What is expected: Return each line of the data below verbatim; pictures are to be left out.

Data to process:
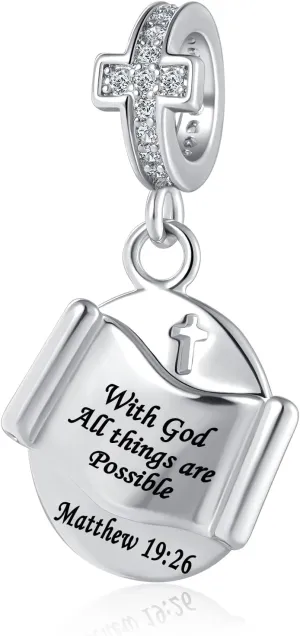 Love You Best Friend Grandma Wife Mom Heart Charm for Women Autism Birthday Cross Charms Fit Bracelets And Necklace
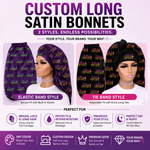 Custom Long Satin Bonnet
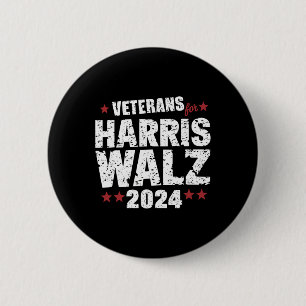 Badge Rond 5 Cm Veterans For Harris Waltz 2024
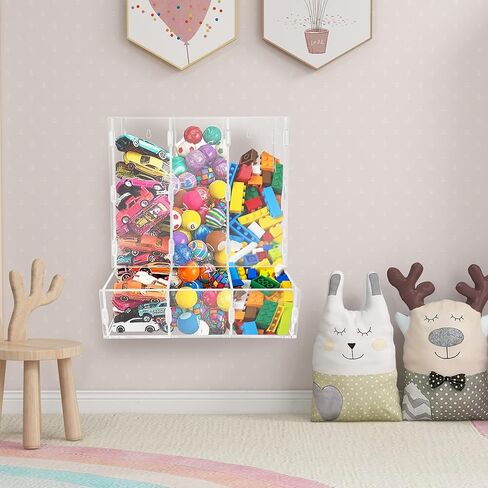 Wall Toy Dispenser, Toy Car Organizer, Hanging Organizer and Storage Bin for Children's Room, Toy Storage for Blocks, Cars, Snacks, Darts in Saudi Arabia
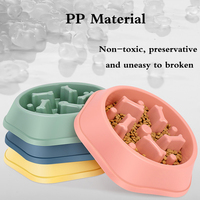 Gamelle portable en plastique pour chien, à alimentation lente, en matériau de qualité alimentaire, pour les voyages et l'intérieur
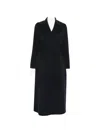 S Max Mara Poldo Belted Coat In Blue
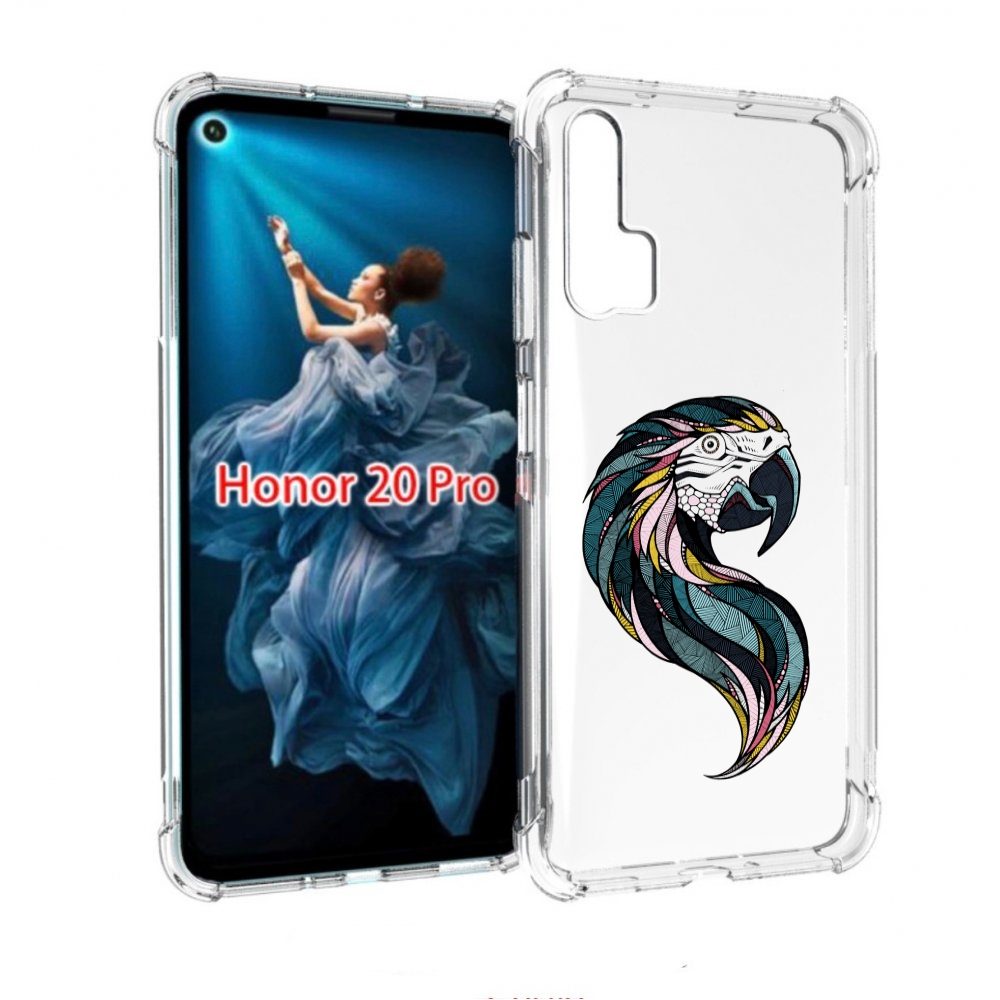 

Чехол бампер MyPads полупопугай для Honor 20 Pro противоударный, Прозрачный, Tocco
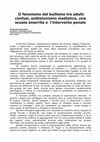 Research paper thumbnail of Il fenomeno del bullismo tra adulti confusi, esibizionismo mediatico, una scuola smarrita e  l’intervento penale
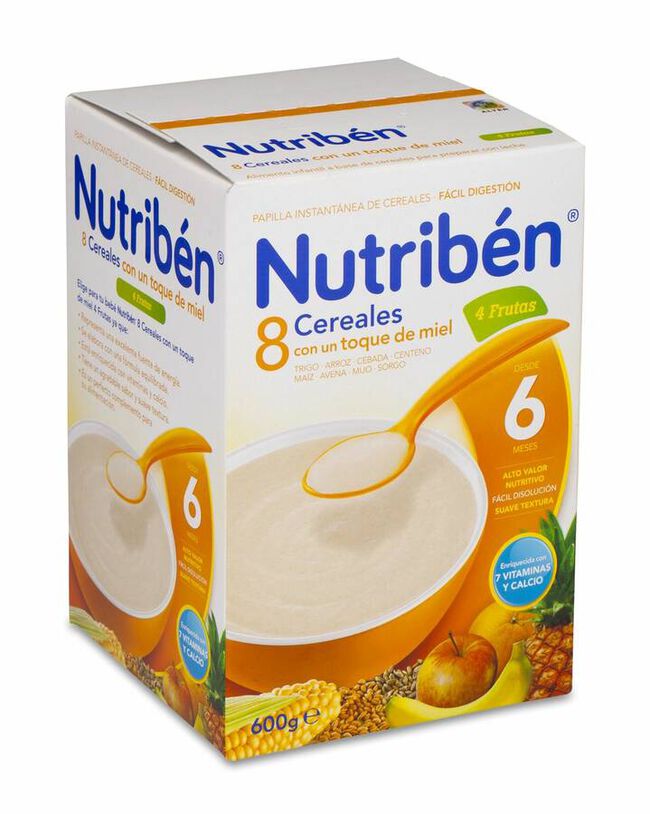 Nutriben 8 Cereales y Miel 4 Frutas 600 gr 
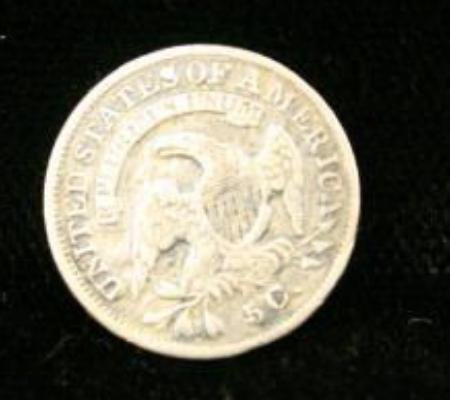 1835 Half Dime Coin - 2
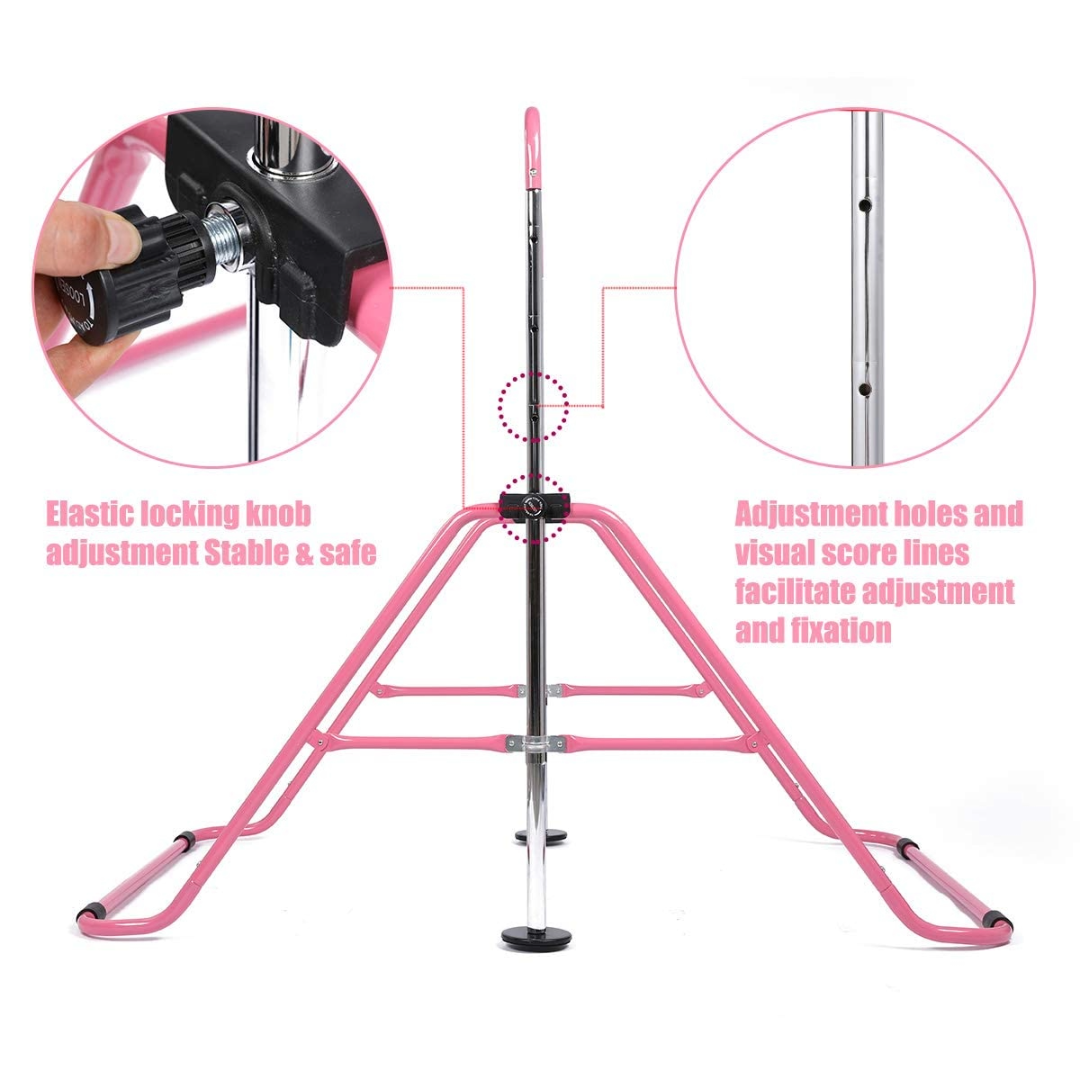 Adjustable Gymnastic Bar Horizontal High Bar For Home Gym Training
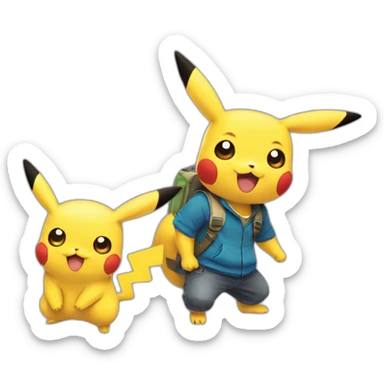 Pikachu zaza sticker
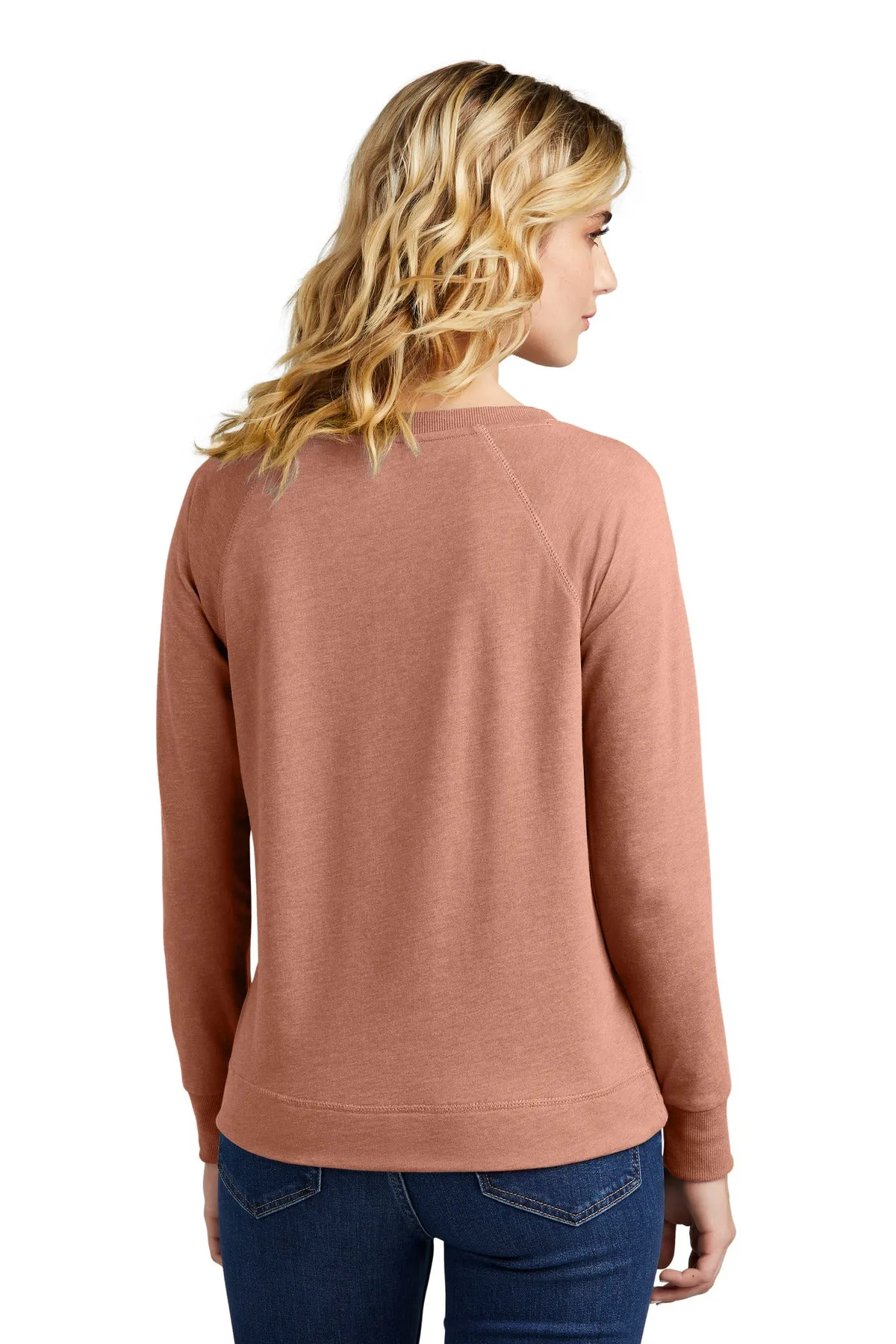 District Women's Featherweight French Terry™ Long Sleeve Crewneck DT672
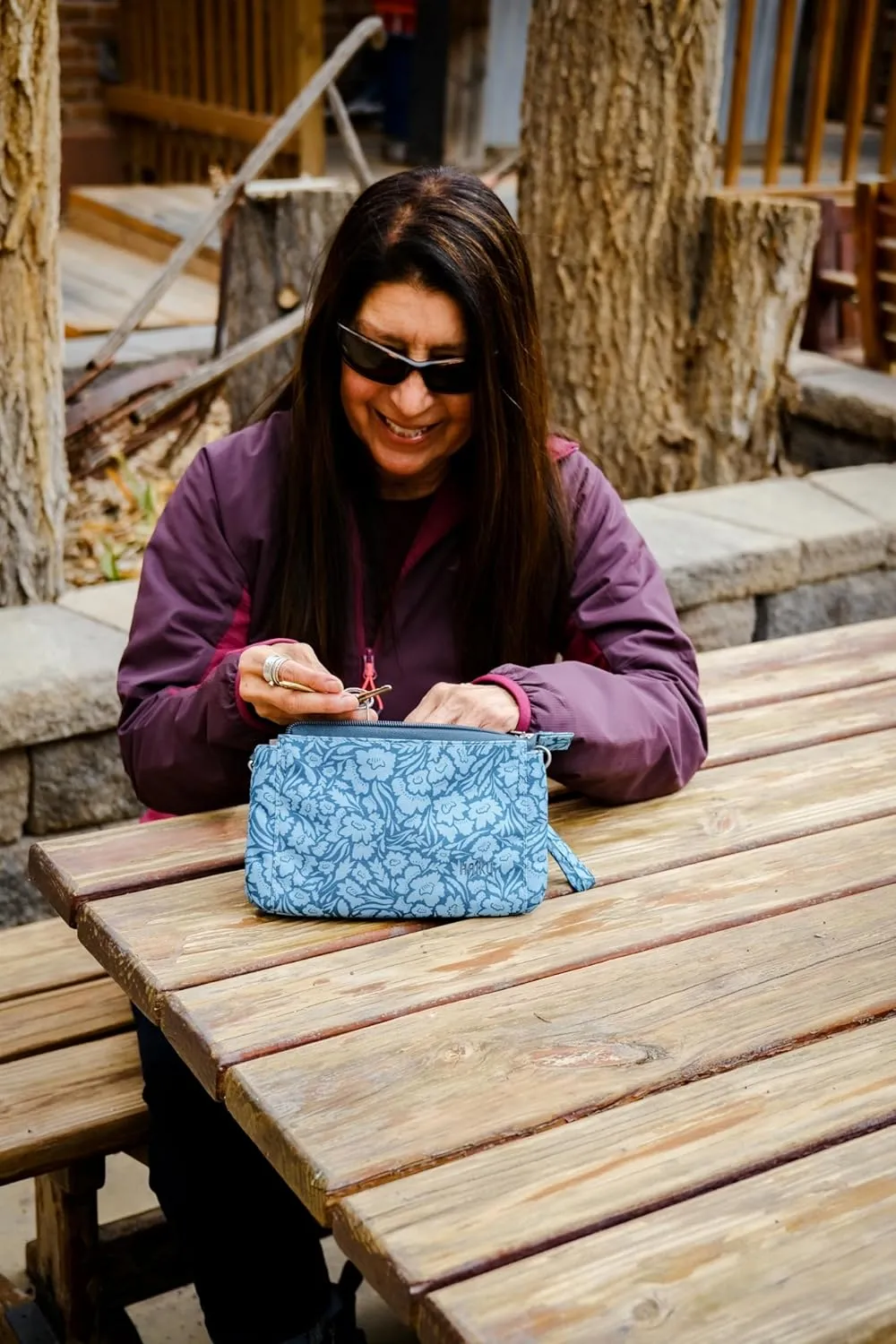 HAIKU Women's Small Stride Crossbody RFID Blocking Wristlet Wallet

Solved problem:
 Love You Best Friend Grandma Wife Mom Heart Charm for Women Autism Birthday Cross Charms Fit Bracelets And Necklace
 Custom Long Satin Bonnet
 Badge Rond 5 Cm Veterans For Harris Waltz 2024
 Wall Toy Dispenser, Toy Car Organizer, Hanging Organizer and Storage Bin for Children's Room, Toy Storage for Blocks, Cars, Snacks, Darts in Saudi Arabia
 Gamelle portable en plastique pour chien, à alimentation lente, en matériau de qualité alimentaire, pour les voyages et l'intérieur
 S Max Mara Poldo Belted Coat In Blue

Чехол бампер MyPads полупопугай для Honor 20 Pro противоударный, Прозрачный, Tocco
 Research paper thumbnail of Il fenomeno del bullismo tra adulti confusi, esibizionismo mediatico, una scuola smarrita e  l’intervento penale
 Nutriben 8 Cereales y Miel 4 Frutas 600 gr 
 1835 Half Dime Coin - 2
 Adjustable Gymnastic Bar Horizontal High Bar For Home Gym Training
 Pikachu zaza sticker
 District Women's Featherweight French Terry™ Long Sleeve Crewneck DT672
 HAIKU Women's Small Stride Crossbody RFID Blocking Wristlet Wallet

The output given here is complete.